And we took them to another academic setting, to a neuropsych lab at Dartmouth, where the director of the lab is something of an expert in the Uncanny Valley. And we wanted to make sure before we pulled the trigger that we weren’t pushing people out of the film in any sort of kind of unexpected ways. And that’s how we settled on this final approach. She took it into a study, I think 200 people in the study, and confirmed that we were on the right track. And that’s when we said to Ryan, here’s our finished picture, take it from here.

b&a: And then what were your steps, Ryan, in actually completing this work?

Ryan Laney: Maxwell Anderson was the post supervisor on the production film side. He packaged up everything and all the original footage was actually delivered to us by hand on a drive for security reasons. So that was, I guess, unusual for today’s ability to transfer stuff over the wire. We produced a bunch of tests. Dr. Wheatley at Dartmouth College, who David was mentioning—we were concerned that the softness of the face would be a trigger for people. And very interestingly, our hypothesis was wrong in the sense that without a veil people felt more concerned for the person in the film, because they felt like they were at risk. And with the veil, the unsettling rating was slightly lower for the veiled person.

So we felt really, really good that we were going down the right track with this particular solution. And then, in just the footage we shot, I went through the entire film, Piers Dennis, the effects coordinator on our end, went through the entire film and selected all the people that we needed to cover. There were 23, and for each person, we looked at, how were they represented lighting-wise? So we had everything from bright daylight to dimly lit, under-lit by a car, sort of nighttime shots. And so with this matrix of people by lighting scenario, we set up a shoot in Brooklyn, New York and shot for a week to capture the data and all the scenarios that we needed. And then after ingesting that it was really just a matter of elbow grease, I think you’d call it.

b&a: Deepfakes and machine learning are obviously exploding right now. I’d love to talk a little bit about how much of it really was classic deepfake work. David, what has that been like seeing so much deepfake discussion out there and then having a film that taps into that? I find that quite fascinating that you really are right there on the cusp of the discussion.

David France: You know, I come to documentary filmmaking through journalism.

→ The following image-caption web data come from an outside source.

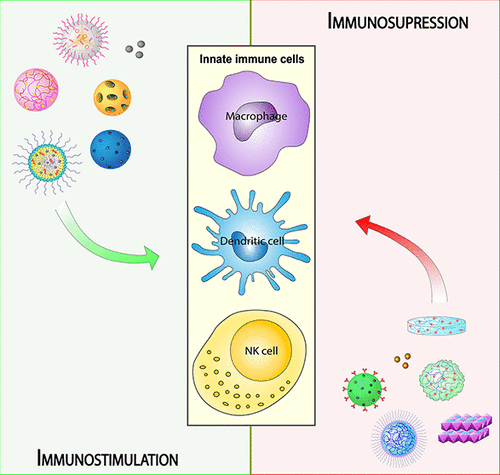 Stimulation And Suppression Of The Innate Immune System Through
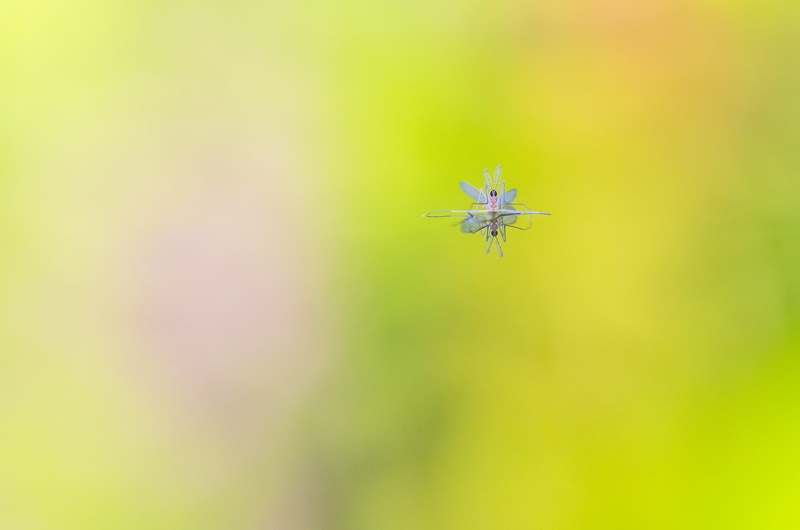 reflection, focus on foreground, outdoors, invertebrate, one animal, photography, nature, arachnid, no people, floating, selective focus, green color, animal body part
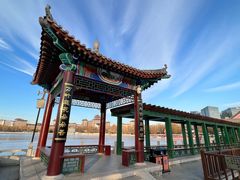 -莲花池公园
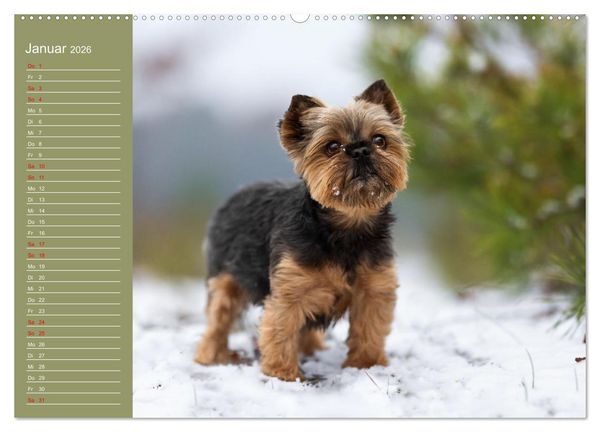 Produktbild: Hunde im Fokus (Wandkalender 2026 DIN A2 quer), CALVENDO Monatskalender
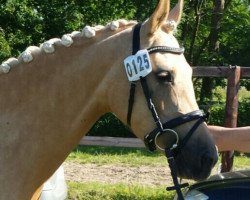 broodmare Kolvenfeld's Circus Ballerina (German Riding Pony, 2011, from Top Carlos Cassini)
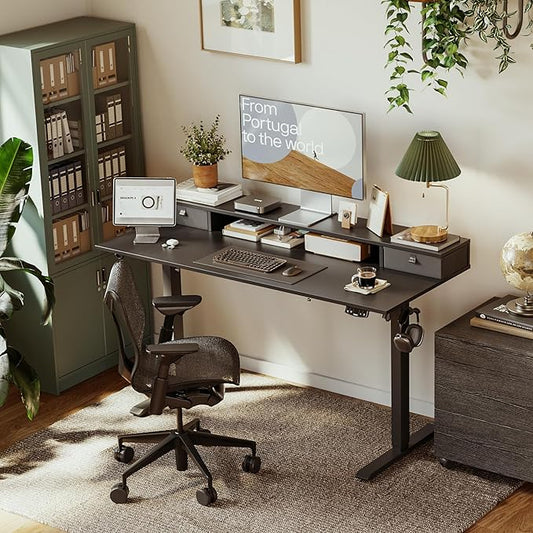 Agilestic 53x 24 Inches Height Adjustable Electric Standing Desk with 2 Drawers, Stand Up Electric Desk Adjustable Height, Sit Stand Computer Gaming Table with Splice Board, Black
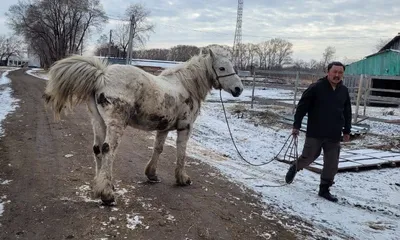 Лошади инспектируют качество дорог». В Якутске табун проскакал по  свежеотремонтированному проспекту - KP.RU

I’m an old investigative reporter and journalism is very concerned about deepfakes, and rightly so. I think historians are concerned about it, this idea that you could create, out of nothing, historical falsehoods. And I’ve been to workshops where these things have been discussed and there’s been a lot of hand-wringing. I never saw this as being at all related to deepfakes. I think deepfake is the crime, not the technique. And when we first started talking about it with Ryan, we realized that, going further into journalistic ethics, we needed to do this very openly. We couldn’t deceive the audience. So we certainly weren’t deceiving the subjects. They had all agreed to do this conditioned on approval of the method that we were going to use.

And we weren’t deceiving the people who lent us their faces as human shields. They were mostly LGBTQ activists, most had already been involved in bringing attention to what’s happening in Chechnya. We cast them from their Instagram pages and kept sending images over to Ryan saying, will this one work for that one? Will this one work for that one, to see who would match, whose faces seemed to be ideal for it. And then we said to the audience, look, we’re bringing you in on this.

We emphasized that fuzzy edge around the face, that kind of halo around the face, to telegraph to the audience that what they’re looking at has been altered. We have a card in the front of the film saying they have been digitally altered. We worked on, I think Ryan said at one point it was like the first 20 shots in the film to overemphasize the halos on the face to teach the audience how to watch this. And so in that way, I don’t think it has anything to do with it. In fact, just the opposite. It’s a technique that is allowing a truth to be told that otherwise would have been repressed.

b&a: And Ryan, just on that deep fake implementation or the extent to which you used it, can you talk a little bit about that?

Ryan Laney: I think David’s said before that A.I. is the tool and deepfake is the crime. And, sort of differently, deep fakes are inherently nonconsensual. And so if you’re going to like define what a deep fake is, it’s when somebody in a video doesn’t know that somebody who was shot separately didn’t know that their face was applied, right, in an attempt to trick the audience. So kind of on all three of those conversations, we are being open and honest.

We use Google TensorFlow. We certainly looked to the papers that inspired deep fakes. There was a 2017 paper about semantic style transfer, which looked at how you could correlate between two datasets, understanding basically what was in the picture before you did the style transfer. Machine learning is being used a lot in a lot of different ways these days. And so we liked the idea of using a tool for good and for human rights and to help very specifically in visual effects. Our job is to support whatever story is there. And it has really been incredible to be able to support David and the story he’s telling that does affect human rights. So we feel like this is a, it’s a really powerful message that David’s crafted, and we’re just really happy to have helped him tell that story.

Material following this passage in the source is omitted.